Incensed by Balearic piracy,
Rome sent an expedition led by the Roman consul Quintus Cecilius Metelus to teach the Islanders the error of
their ways. Well aware of the fame of the Mallorcan slingers in battle, the Consul took the precaution of
covering the outside of his vessels with leather. This deadened the force of the stones hurled by the slingers
and victory followed although it had taken two years to achieve, such was the ferocity and marksmanship of the Island defenders.

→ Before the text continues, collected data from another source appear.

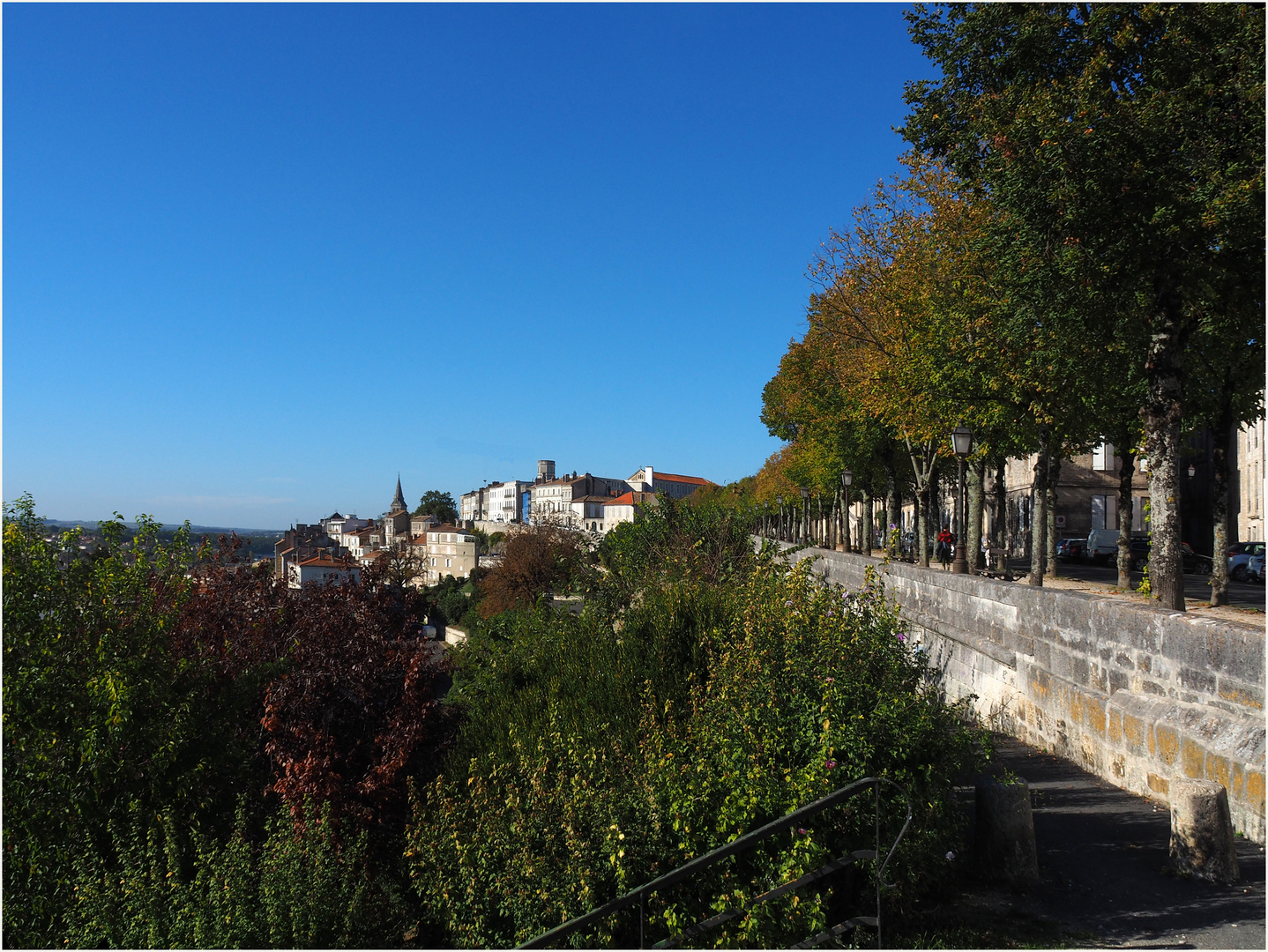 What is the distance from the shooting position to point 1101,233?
11.4 meters

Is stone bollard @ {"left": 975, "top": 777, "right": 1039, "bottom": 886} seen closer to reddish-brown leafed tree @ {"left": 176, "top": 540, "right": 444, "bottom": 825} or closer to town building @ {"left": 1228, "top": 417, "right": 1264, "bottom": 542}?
reddish-brown leafed tree @ {"left": 176, "top": 540, "right": 444, "bottom": 825}

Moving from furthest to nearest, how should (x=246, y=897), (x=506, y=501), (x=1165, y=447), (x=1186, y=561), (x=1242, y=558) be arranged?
(x=506, y=501) → (x=1186, y=561) → (x=1242, y=558) → (x=1165, y=447) → (x=246, y=897)

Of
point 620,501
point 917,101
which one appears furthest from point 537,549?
point 620,501

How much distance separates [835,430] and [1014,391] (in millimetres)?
16673

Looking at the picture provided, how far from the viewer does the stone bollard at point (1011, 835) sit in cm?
672

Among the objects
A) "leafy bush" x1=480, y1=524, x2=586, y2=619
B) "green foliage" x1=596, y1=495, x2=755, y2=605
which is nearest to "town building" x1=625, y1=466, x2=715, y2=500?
"leafy bush" x1=480, y1=524, x2=586, y2=619

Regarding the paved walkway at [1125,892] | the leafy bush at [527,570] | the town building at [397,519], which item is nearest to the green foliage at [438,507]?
the town building at [397,519]

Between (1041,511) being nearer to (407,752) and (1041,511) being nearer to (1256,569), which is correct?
(1256,569)

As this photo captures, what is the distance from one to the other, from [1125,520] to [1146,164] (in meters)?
13.6

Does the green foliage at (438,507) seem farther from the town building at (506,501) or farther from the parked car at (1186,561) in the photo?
the parked car at (1186,561)

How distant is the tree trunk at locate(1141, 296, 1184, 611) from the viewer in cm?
1148

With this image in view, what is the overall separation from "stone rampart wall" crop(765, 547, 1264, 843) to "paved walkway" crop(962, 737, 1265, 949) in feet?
1.87

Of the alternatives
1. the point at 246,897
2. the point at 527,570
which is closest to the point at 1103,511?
the point at 527,570

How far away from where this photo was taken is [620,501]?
146 m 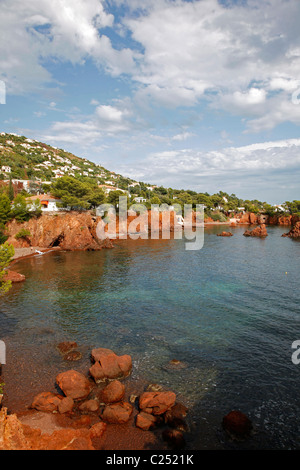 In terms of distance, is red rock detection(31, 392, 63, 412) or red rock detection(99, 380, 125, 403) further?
red rock detection(99, 380, 125, 403)

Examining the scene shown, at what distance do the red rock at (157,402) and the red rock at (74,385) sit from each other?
11.3 ft

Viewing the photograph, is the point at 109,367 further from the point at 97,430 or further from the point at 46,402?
the point at 97,430

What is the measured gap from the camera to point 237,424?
1276 centimetres

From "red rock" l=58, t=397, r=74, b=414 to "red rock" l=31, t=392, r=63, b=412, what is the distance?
0.31 metres

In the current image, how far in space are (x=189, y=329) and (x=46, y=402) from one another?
512 inches

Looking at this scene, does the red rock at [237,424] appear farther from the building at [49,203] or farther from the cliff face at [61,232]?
the building at [49,203]

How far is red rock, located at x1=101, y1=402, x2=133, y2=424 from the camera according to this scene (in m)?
13.2

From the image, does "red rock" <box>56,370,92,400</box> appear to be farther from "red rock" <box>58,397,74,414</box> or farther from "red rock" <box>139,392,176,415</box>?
→ "red rock" <box>139,392,176,415</box>

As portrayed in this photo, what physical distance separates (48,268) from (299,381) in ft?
137

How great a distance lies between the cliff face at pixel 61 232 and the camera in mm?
67188

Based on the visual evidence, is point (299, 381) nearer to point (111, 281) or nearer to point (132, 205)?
point (111, 281)

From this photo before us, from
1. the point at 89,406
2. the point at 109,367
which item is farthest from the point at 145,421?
the point at 109,367

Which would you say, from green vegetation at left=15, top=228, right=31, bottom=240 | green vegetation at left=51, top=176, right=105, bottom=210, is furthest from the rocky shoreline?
green vegetation at left=51, top=176, right=105, bottom=210

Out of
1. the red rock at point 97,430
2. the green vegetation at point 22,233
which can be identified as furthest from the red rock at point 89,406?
the green vegetation at point 22,233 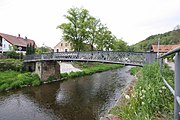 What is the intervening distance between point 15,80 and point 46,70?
4.95m

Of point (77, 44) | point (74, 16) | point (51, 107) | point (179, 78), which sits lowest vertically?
point (51, 107)

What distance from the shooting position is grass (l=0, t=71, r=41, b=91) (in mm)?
20516

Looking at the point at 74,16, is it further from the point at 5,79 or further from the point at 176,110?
the point at 176,110

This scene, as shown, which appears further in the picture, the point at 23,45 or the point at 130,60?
the point at 23,45

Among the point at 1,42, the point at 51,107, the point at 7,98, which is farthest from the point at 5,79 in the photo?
the point at 1,42

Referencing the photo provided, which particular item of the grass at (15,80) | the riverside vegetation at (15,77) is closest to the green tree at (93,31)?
the riverside vegetation at (15,77)

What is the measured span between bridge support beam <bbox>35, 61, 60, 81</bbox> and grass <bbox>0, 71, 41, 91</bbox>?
0.86 meters

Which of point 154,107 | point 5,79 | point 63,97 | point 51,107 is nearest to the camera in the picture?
point 154,107

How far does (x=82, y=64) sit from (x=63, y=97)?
25665mm

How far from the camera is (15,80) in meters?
22.2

Two thousand Romans were left on the Island and subsequently 3,000 colonists joined them
and spread through the Island or settled around the Almudaina Palace -the first part of the city to be walled-
and Pollentia in the northeast, the site of a Phoenician settlement. Pollentia was the port for Roman cities to
the northwest Mediterranean, Palmeria the port used for trading with Carthage and the remainder of Africa. The
Palma-Pollentia road follows the ancient Roman way very closely, although the site of Tuccis, known to be a
staging post, has still not been identified.
Palmeria itself was a Roman camp, founded on the remains of a talayot settlement. Its strategic location
brought increased trade and prosperity to the Island. New farming methods introduced by the Romans led to the
production of wheat and wine. Olive trees were imported and the salt production flourished.